Recently there has been growing public interest in “psychobiotics” and the connection between gut health, inflammation, anxiety and depression. Is there a link between this and the way animals are raised for food?

Professor Fynn:

Absolutely.

One of the greatest problems with industrial farming is the absence of phytochemical diversity in the animals’ diets.

On natural rangeland, herbivores and chickens are exposed to extraordinary plant diversity – grasses, shrubs, legumes and forbs – sometimes 60 to 100 plant species, each with its own unique chemical profile and medicinal properties.

Animals instinctively select what they need. That diversity strengthens immunity and profoundly influences the nutritional quality of the meat.

Research increasingly shows that animals raised in healthy natural systems contain far higher levels of beneficial anti-inflammatory and anti-oxidant compounds.

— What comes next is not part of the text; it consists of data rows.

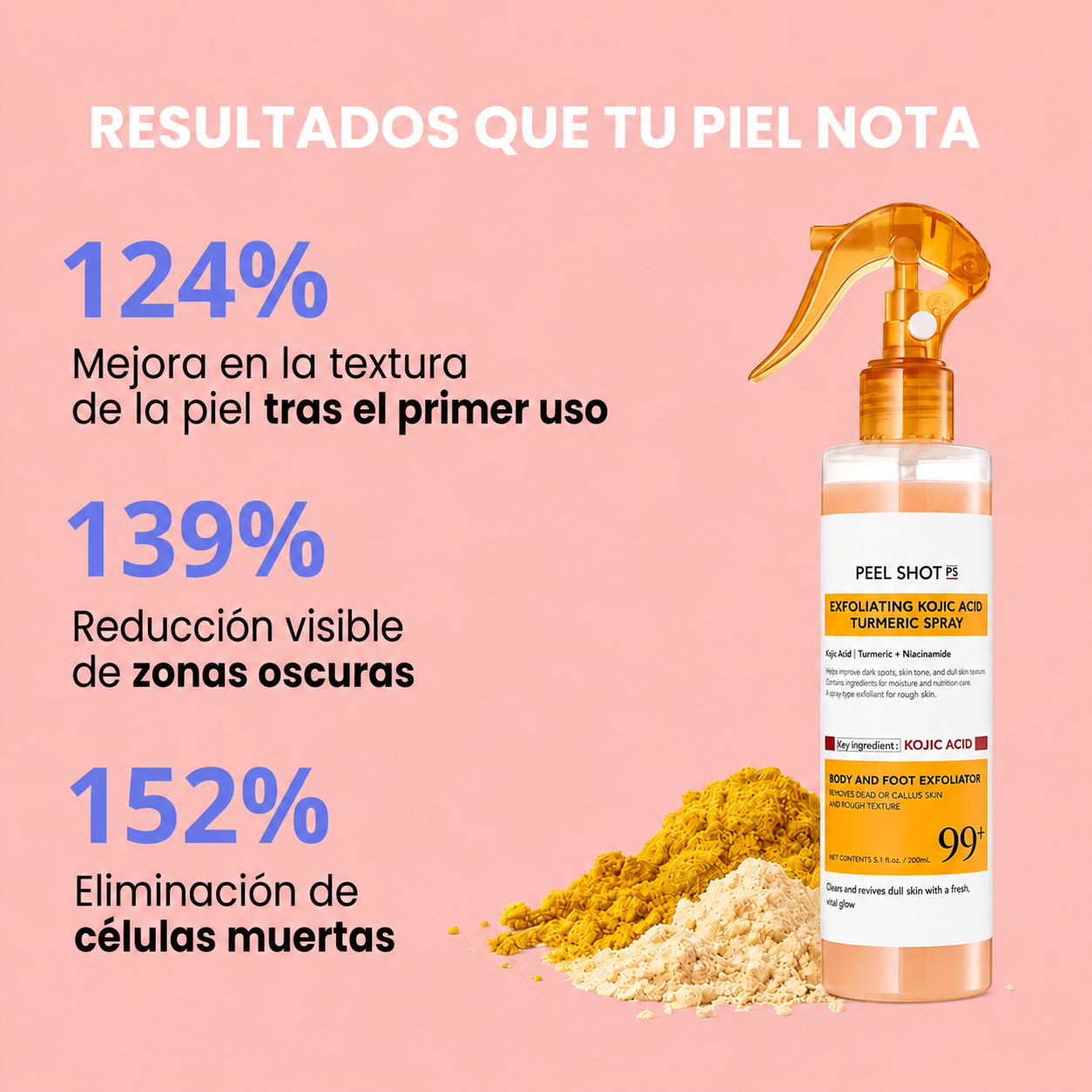 Exfoliante Corporal para Zonas Oscuras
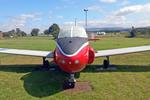 XS209 @ EGNC - Solway Aviation Museum - by Chris Hall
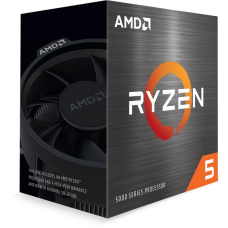 PROCESADOR AMD RYZEN 5 5600 3.7GHZ 6 CORE SAM4 P/N 100-100000927BOX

Those benefits are then transferred to us through the food we eat.

By contrast, meat from feedlots and intensive confinement systems is associated with inflammatory compounds that contribute over time to chronic illnesses such as heart disease, cancers and metabolic disorders.

You can often see the difference physically. Naturally raised chickens frequently have richer-coloured flesh and yellow fat because of the nutrients and phytochemicals present in their diets.

But far more important are the invisible differences – the biological and health properties within the meat itself.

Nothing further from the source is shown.